Laura
di Tiziana Brancato
Continua
ad inseguire un sogno.
Ne afferra i lembi sfilacciati cercando di trattenerli, mentre il
suono insistente del campanello la trascina lungo il pendio del risveglio.
Rotola su un fianco, i piedi sul freddo del pavimento. Di mattoni
rossi. Muri bianchi, porte e abbaini rossi. Il campanello continua
a suonare, mentre lei attraversa la sua camera, la stanza di mezzo,
la cucina. Raggiunge il pulsante che apre il portone, in basso, spalanca
la porta e si siede un attimo, con indosso una maglietta bianca e
quel sogno leggero, dissolto come una nuvola sparpagliata dal vento.
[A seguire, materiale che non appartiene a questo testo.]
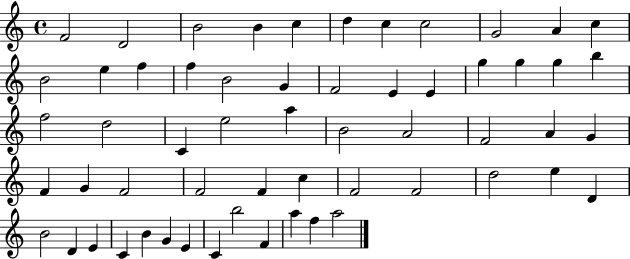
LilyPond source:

{
  \clef treble
  \time 4/4
  \defaultTimeSignature
  \key c \major
  f'2 d'2 | b'2 b'4 c''4 | d''4 c''4 c''2 | g'2 a'4 c''4 | \break b'2 e''4 f''4 | f''4 b'2 g'4 | f'2 e'4 e'4 | g''4 g''4 g''4 b''4 | \break f''2 d''2 | c'4 e''2 a''4 | b'2 a'2 | f'2 a'4 g'4 | \break f'4 g'4 f'2 | f'2 f'4 c''4 | f'2 f'2 | d''2 e''4 d'4 | \break b'2 d'4 e'4 | c'4 b'4 g'4 e'4 | c'4 b''2 f'4 | a''4 f''4 a''2 | \break \bar "|."
}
L’ascensore, una macchina di ferro di cui si possono osservare
gli ingranaggi, nuda, offerta agli sguardi, non arriva fino a lei.
Corteggia i piani nobili di quel palazzo antico, con i soffitti immensi
e le finestre grandi. Poi si ferma. L’ultima rampa di scale,
quella che un tempo portava ai granai, si assapora a piedi. Sotto
il tetto c’è la sua casa con i soffitti bassi, e i lucernai
che si aprono sul cielo.
Laura ascolta il rumore stridente e meccanico degli ingranaggi. Primo,
secondo, terzo, quarto. Ha sonno, ha lavorato fino a tardi la notte
prima.
Scende i quattro scalini che portano al cucinotto. E’ una di
quelle vecchie case bolognesi in cui uno sgabuzzino viene adibito
contemporaneamente a gabinetto e luogo di preparazione del cibo. In
fondo alle scale, a destra, c’è un ripiano foderato di
piastrelle azzurre, con un fornello a gas, a tre fuochi. A sinistra
un lavello di graniglia, pieno di piatti sporchi, maleodoranti. Davanti,
una tenda a fiori nasconde un gabinetto e il contatore dell’acqua.
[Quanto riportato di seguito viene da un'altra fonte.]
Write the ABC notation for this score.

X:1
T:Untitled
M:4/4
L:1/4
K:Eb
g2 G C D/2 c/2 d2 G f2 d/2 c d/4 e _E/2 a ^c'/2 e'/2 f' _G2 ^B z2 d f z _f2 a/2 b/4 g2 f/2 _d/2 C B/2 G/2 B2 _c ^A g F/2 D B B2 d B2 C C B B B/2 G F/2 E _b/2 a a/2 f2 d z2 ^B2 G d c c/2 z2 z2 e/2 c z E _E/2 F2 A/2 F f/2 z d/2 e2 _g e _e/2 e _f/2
E’ il punto in cui il tetto spiovente si congiunge ai muri,
così che è impossibile stare in piedi. Solo seduti.
Sul gabinetto. E Laura si siede, guardando la carta igienica appoggiata
sul contatore dell’acqua, da cui parte un tubo incrostato che
si spacca di continuo.
La settimana scorsa si è allagato il cucinotto. Il padrone
di casa si ostina a mandare un suo amico, invece che un fontaniere.
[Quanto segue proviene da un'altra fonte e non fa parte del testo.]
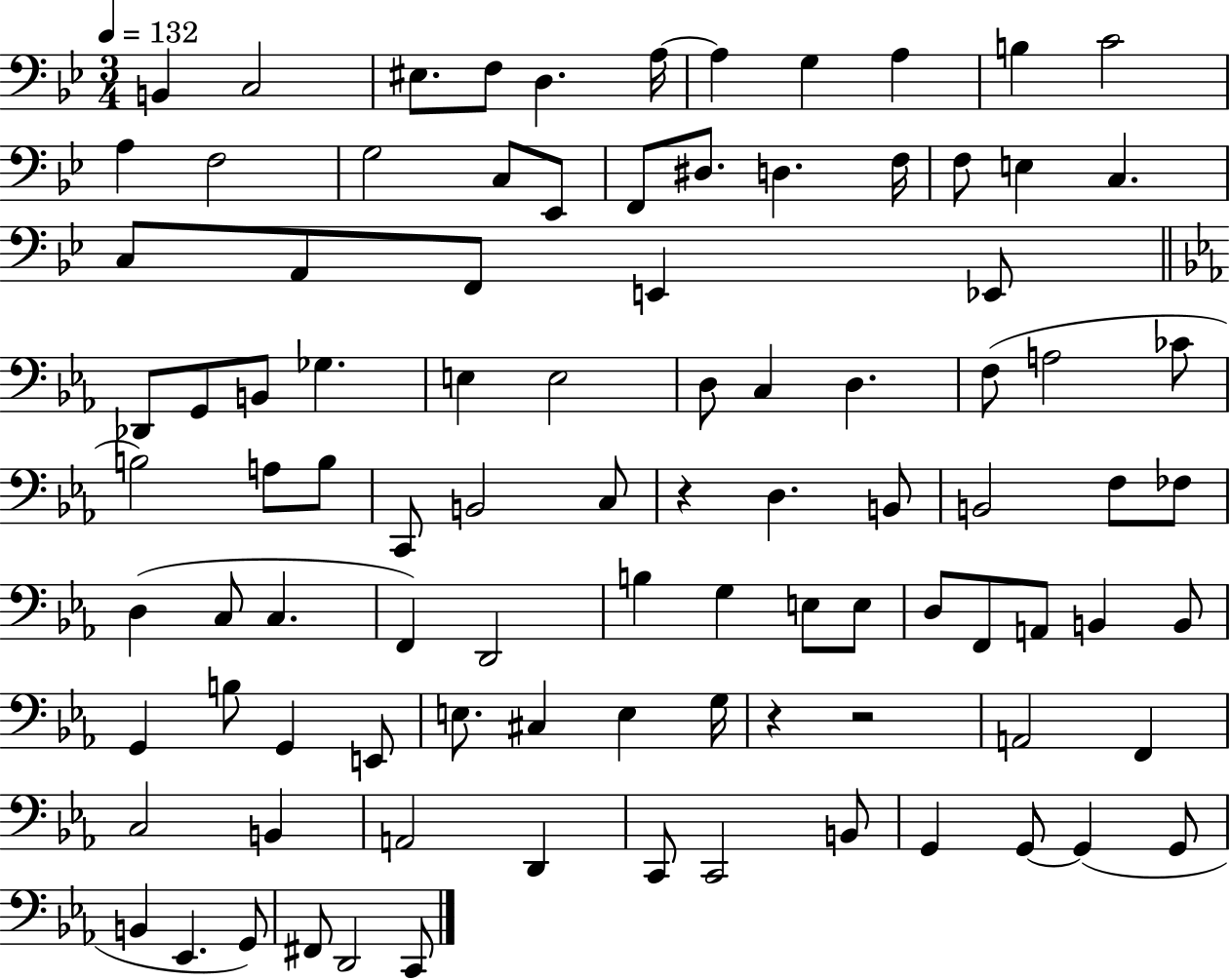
B2/q C3/h EIS3/e. F3/e D3/q. A3/s A3/q G3/q A3/q B3/q C4/h A3/q F3/h G3/h C3/e Eb2/e F2/e D#3/e. D3/q. F3/s F3/e E3/q C3/q. C3/e A2/e F2/e E2/q Eb2/e Db2/e G2/e B2/e Gb3/q. E3/q E3/h D3/e C3/q D3/q. F3/e A3/h CES4/e B3/h A3/e B3/e C2/e B2/h C3/e R/q D3/q. B2/e B2/h F3/e FES3/e D3/q C3/e C3/q. F2/q D2/h B3/q G3/q E3/e E3/e D3/e F2/e A2/e B2/q B2/e G2/q B3/e G2/q E2/e E3/e. C#3/q E3/q G3/s R/q R/h A2/h F2/q C3/h B2/q A2/h D2/q C2/e C2/h B2/e G2/q G2/e G2/q G2/e B2/q Eb2/q. G2/e F#2/e D2/h C2/e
L’impianto è tutto marcio, andrebbe rifatto, altro che
aggiustato. Pazienza.
Stacca un pezzo di carta igienica bianca, si asciuga, tira su le mutande
bianche, con una leggera sfumatura rosata regalata da un bucato sbagliato.
E’ andata bene, che il calzino finito tra le lenzuola non fosse
nero. Altrimenti le sue mutande sarebbero di un grigio perla inconsistente,
il colore sbiadito del cielo in un mattino d’autunno avanzato.
Il rumore dello sciacquone accompagna l’arrivo di Dario.
“Ci sei?”
“Sono qui, metto su il caffè.”
Insieme a Dario è entrato anche l’odore del fuori, del
freddo, del traffico dei viali di circonvallazione, di una sigaretta
fumata da poco, di un cabaret di bomboloni appoggiato sul tavolo.
Da dieci giorni i risvegli di Laura sanno di città e caffè,
di zucchero e pioggia.
Riemerge dai quattro scalini, i capelli arruffati, la maglietta di
due misure di troppo.
Un abbraccio, un bacio sulla guancia.
“Profumi di letto.”
“E tu di giacca a vento. Levatela, dai. Badami il caffè,
cambio l’aria in camera e mi infilo qualcosa. Ho freddo.”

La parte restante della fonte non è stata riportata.